Exercise prompt: You are asked to repeat the listing word for word and to leave out its pictures.

Data block:
* * *

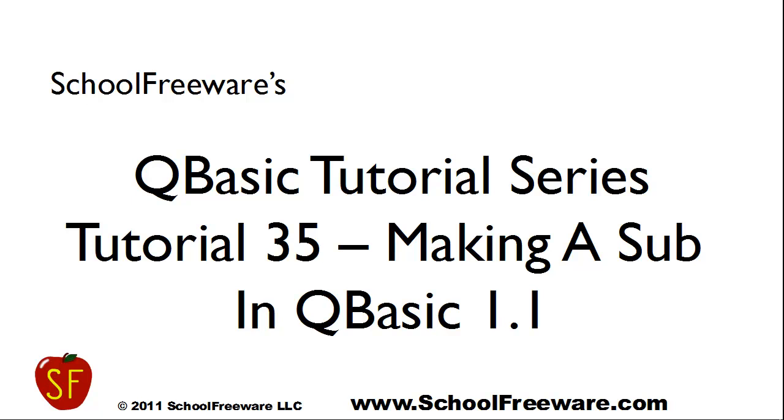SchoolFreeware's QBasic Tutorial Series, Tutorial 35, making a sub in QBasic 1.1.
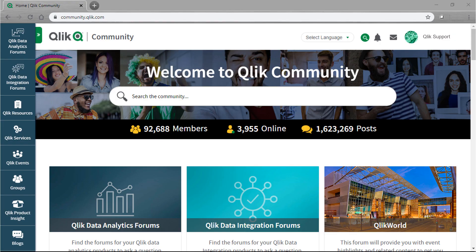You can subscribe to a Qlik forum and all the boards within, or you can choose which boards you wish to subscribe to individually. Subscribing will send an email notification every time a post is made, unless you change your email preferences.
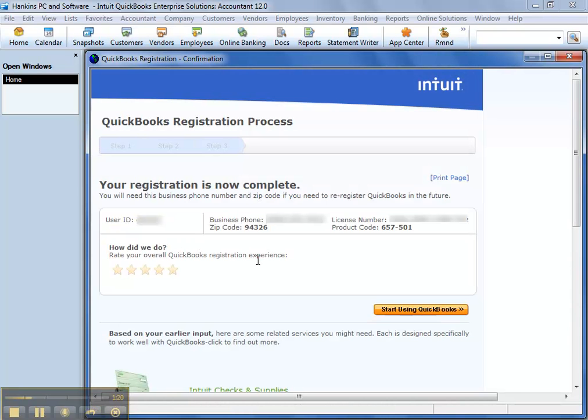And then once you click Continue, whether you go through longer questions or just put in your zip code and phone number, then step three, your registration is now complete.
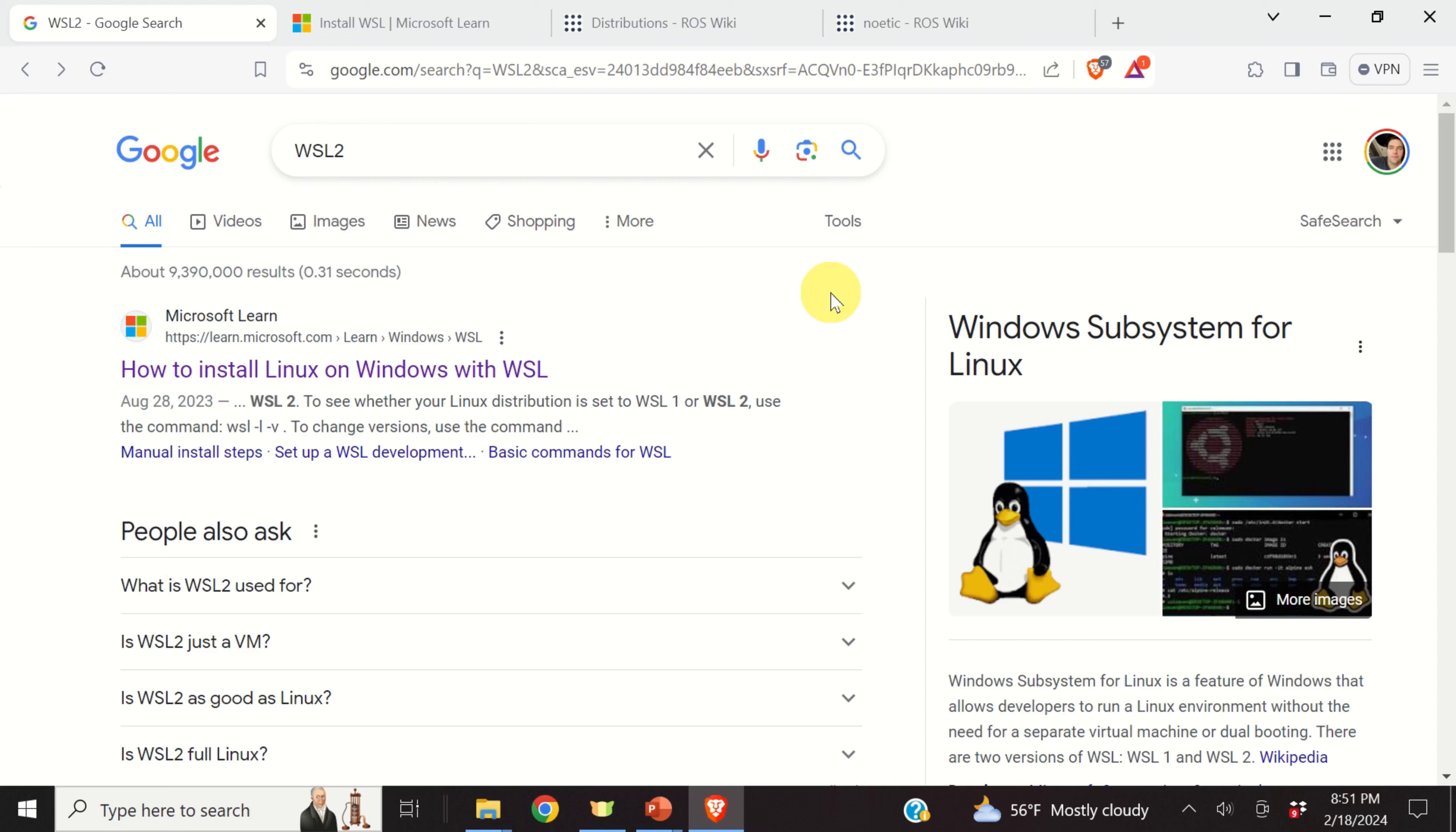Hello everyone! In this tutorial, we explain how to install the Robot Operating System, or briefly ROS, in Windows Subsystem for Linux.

* * *

Your solution:
SchoolFreeware's QBasic Tutorial Series, Tutorial 35, making a sub in QBasic 1.1.
You can subscribe to a Qlik forum and all the boards within, or you can choose which boards you wish to subscribe to individually. Subscribing will send an email notification every time a post is made, unless you change your email preferences.
And then once you click Continue, whether you go through longer questions or just put in your zip code and phone number, then step three, your registration is now complete.
Hello everyone! In this tutorial, we explain how to install the Robot Operating System, or briefly ROS, in Windows Subsystem for Linux.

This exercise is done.